La transmission, là où il s’agit de culture, prend son nom latin de tradition. Celle-ci est vie, et non transport mécanique de contenus figés. Dans ce dernier cas, la conduite la plus sûre pour ne pas risquer de gâter une marchandise que l’on transporte est de ne pas ouvrir la boite qui la contient. Les denrées culturelles, en revanche, se dessèchent ou pourrissent si celui qui les reçoit néglige de se les approprier.

Si génération et langage se distinguent aussi nettement, ils ne sont pourtant pas sans points communs. Un seul me semble essentiel : dans les deux cas, le donné transmis dépasse le transmetteur. Il le précède dans le temps. Il déborde la conscience qu’il prend du contenu transmis et même de l’acte de transmettre, à plus forte raison encore l’intention de le faire.
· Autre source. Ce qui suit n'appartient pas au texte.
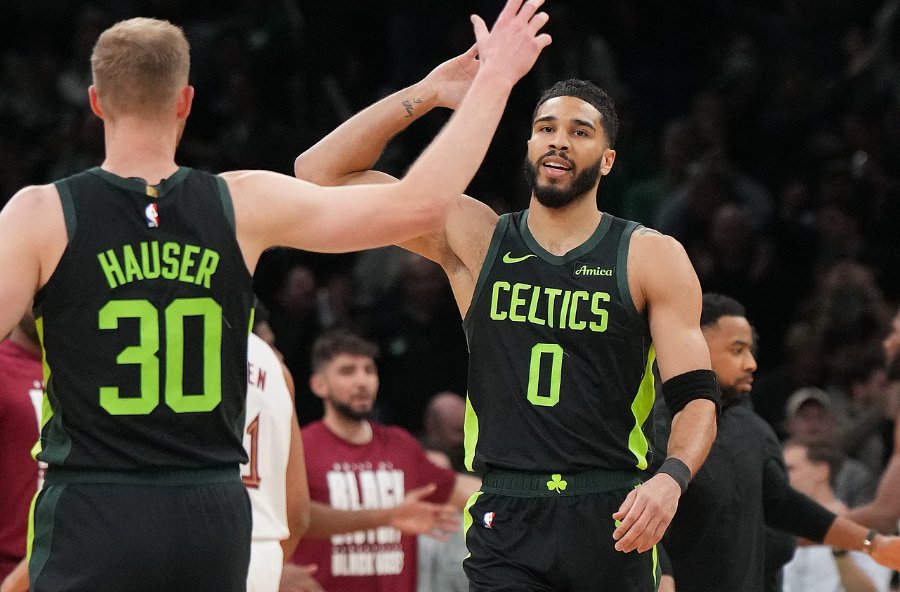 普里查德29+8率凯尔特人轻取国王 拉文17分难救主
Quel professeur n’a jamais eu la joie un peu humiliante de rencontrer un ancien élève qui, longtemps après, lui avoue avoir été marqué pour la vie par une remarque faite en passant, qu’il a lui-même oubliée, et qu’il ne considère pas, une fois qu’on la lui répète, comme brillant par son originalité. C’est justement qu’elle ne trouvait pas son origine en lui, mais remontait bien plus haut, à une source par laquelle il avait été lui-même déterminé et dont, en le sachant plus ou moins, il vivait. C’est pour cela que cette observation rendait un son parfaitement authentique.

Il en est un peu de même lorsque nous identifions dans les mimiques d’un nouveau-né le sourire ou le froncement de sourcil d’un ancêtre qu’il n’a pas connu, voire dont nous-mêmes n’avons vu les traits que sur un tableau ou une photographie.


Ce que nous communiquons n’est rien de plus que ce que nous produisons en fait d’objets ou de messages, pour les introduire dans une circulation dans laquelle nous aurons, dans le meilleur des cas, exprimé ce que nous pensons ou œuvrons, et en dernière instance ce que nous sommes ou pouvons faire.   

Ce que nous transmettons, en revanche, n’est pas ce que nous faisons ou croyons faire, mais bien plutôt ce qui nous fait. C’est pourquoi la tradition, au sens rigoureux de ce terme, au sens latin dont j’ai parlé, nous libère plus qu’elle nous lie. Ce qui la distingue de son ankylose en un traditionalisme. La tradition nous livre comme on dit que la poste nous « livre » le paquet que nous avons commandé ; elle nous donne à nous-mêmes. Mais c’est pour nous permettre de donner à notre tour. Nous pouvons être parents parce que nous sommes d’abord enfants. Nous pouvons parler parce qu’on a commencé par nous parler. Nous ne passons aux autres que ce qui nous dépasse et parce que cela nous dépasse.

Ce dépassement vient d’en amont, de plus haut que nous. Ce qui nous dépasse ne dépend pas de nous. Au contraire, c’est nous qui sommes accrochés à ce qui nous surplombe. Sans transcendance, pas de transmission.